--- START ---
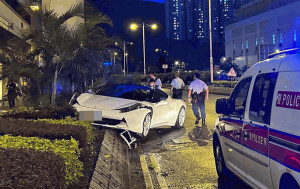 將軍澳法拉利疑掟彎失控剷花槽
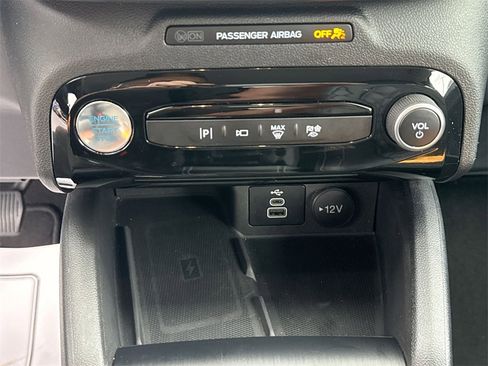 Used 2024 Ford Escape SE w/ PHEV Premium Package image 24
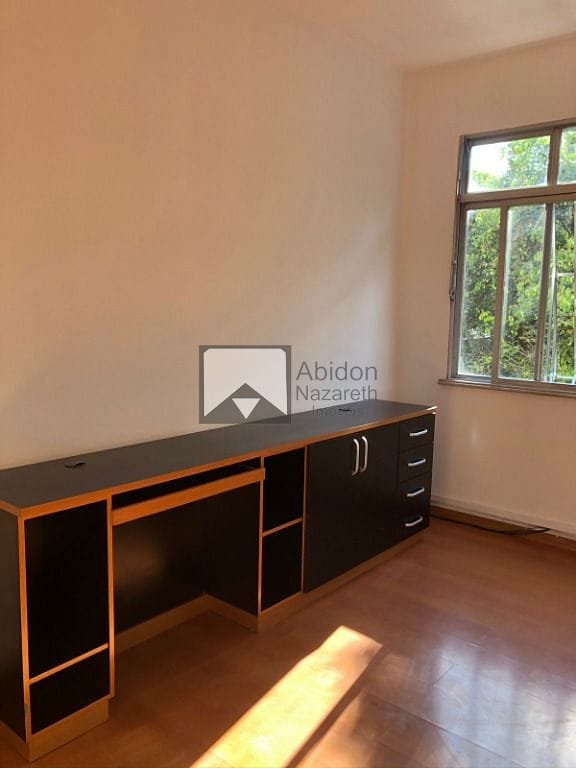 Apartamento à venda com 3 quartos, 115m² - Foto 10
--- END ---
## WHAT IS EXPECTED
The listing above must be printed again exactly, minus its pictures.

## TASK RESULT
 將軍澳法拉利疑掟彎失控剷花槽
 Used 2024 Ford Escape SE w/ PHEV Premium Package image 24
 Apartamento à venda com 3 quartos, 115m² - Foto 10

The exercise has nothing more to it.